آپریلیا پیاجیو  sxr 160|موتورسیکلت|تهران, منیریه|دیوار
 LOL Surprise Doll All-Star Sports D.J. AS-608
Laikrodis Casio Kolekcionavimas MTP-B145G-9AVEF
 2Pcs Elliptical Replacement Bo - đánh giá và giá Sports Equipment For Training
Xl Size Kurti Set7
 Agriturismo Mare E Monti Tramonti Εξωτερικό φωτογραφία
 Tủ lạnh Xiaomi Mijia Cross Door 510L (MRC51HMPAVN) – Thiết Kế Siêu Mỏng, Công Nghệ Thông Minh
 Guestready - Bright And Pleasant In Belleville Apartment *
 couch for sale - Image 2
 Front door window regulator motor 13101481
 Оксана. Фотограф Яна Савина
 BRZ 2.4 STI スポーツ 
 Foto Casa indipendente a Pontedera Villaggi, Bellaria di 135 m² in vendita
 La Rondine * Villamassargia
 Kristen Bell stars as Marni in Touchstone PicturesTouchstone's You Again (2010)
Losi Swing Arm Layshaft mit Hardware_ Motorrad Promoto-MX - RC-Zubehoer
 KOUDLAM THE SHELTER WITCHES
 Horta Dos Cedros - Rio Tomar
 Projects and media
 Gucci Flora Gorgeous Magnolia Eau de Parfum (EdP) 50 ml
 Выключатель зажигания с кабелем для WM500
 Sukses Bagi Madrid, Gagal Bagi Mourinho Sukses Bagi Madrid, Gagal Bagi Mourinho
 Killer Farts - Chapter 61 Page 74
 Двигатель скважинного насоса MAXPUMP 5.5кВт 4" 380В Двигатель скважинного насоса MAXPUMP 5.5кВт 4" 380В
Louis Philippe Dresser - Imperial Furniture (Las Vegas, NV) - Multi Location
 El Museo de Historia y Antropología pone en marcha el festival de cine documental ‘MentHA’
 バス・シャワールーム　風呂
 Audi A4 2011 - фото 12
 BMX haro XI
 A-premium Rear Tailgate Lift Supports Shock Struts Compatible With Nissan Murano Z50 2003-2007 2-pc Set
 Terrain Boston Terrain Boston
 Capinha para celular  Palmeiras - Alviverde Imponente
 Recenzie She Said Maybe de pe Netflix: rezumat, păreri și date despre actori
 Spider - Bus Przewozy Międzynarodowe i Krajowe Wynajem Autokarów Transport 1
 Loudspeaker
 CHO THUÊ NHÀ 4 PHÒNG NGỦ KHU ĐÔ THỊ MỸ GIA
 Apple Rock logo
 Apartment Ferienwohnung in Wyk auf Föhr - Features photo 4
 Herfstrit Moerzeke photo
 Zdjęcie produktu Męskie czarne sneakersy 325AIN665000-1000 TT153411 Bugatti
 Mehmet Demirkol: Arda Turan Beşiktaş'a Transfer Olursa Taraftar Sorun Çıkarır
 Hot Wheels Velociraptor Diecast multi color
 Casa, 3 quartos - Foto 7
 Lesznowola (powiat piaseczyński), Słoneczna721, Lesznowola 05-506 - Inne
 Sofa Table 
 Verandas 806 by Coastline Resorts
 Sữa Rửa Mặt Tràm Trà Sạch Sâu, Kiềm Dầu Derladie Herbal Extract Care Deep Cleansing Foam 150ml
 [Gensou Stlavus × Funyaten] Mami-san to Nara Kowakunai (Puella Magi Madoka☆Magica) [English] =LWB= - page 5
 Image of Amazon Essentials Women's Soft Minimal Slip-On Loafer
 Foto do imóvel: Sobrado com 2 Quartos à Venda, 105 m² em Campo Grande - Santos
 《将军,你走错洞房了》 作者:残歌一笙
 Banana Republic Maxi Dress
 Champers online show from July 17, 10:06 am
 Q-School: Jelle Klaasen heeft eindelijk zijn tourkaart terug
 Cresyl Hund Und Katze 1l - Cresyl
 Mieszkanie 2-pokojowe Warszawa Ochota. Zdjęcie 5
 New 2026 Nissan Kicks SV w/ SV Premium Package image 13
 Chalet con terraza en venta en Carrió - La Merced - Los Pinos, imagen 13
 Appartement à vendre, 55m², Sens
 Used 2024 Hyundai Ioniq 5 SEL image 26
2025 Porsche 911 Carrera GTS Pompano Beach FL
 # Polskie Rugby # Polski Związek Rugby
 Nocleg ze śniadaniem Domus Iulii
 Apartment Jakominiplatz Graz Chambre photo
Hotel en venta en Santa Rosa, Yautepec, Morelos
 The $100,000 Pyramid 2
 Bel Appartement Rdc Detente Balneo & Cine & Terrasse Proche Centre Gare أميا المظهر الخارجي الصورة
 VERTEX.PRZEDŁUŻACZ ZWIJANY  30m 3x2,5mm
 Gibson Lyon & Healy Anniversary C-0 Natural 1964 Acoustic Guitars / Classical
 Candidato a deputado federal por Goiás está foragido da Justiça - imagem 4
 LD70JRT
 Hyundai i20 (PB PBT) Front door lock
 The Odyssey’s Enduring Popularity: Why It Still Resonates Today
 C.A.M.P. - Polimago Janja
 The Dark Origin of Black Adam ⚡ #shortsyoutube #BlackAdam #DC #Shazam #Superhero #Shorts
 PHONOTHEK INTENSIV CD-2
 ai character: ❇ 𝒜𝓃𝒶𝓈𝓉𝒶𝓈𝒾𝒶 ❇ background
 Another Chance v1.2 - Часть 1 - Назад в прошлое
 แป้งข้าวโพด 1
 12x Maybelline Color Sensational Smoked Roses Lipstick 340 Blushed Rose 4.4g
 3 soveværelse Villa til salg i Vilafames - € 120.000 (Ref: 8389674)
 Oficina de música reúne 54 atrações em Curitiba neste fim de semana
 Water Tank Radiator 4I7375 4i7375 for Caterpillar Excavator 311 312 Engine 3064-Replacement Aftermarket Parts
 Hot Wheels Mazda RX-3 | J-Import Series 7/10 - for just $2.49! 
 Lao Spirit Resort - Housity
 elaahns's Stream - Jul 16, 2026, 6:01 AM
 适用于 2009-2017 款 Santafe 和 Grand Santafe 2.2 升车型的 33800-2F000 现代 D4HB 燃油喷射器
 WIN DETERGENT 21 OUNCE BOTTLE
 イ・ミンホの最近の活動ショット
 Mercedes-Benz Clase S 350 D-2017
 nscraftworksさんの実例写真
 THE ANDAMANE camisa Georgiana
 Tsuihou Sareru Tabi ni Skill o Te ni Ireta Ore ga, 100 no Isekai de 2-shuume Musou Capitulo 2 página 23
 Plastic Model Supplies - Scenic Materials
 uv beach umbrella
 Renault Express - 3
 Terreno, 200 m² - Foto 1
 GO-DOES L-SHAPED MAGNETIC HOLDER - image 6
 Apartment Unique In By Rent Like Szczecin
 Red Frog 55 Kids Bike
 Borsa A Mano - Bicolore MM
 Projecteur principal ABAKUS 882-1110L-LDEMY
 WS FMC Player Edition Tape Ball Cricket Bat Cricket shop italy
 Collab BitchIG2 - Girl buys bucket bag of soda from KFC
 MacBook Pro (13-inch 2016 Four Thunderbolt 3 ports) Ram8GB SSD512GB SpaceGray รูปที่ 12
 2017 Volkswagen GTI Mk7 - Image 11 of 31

####################

- [What needs to be done]: Reproduce each line of the material that mentions "Appartement".

- [Answer below]:
 Appartement à vendre, 55m², Sens
 Bel Appartement Rdc Detente Balneo & Cine & Terrasse Proche Centre Gare أميا المظهر الخارجي الصورة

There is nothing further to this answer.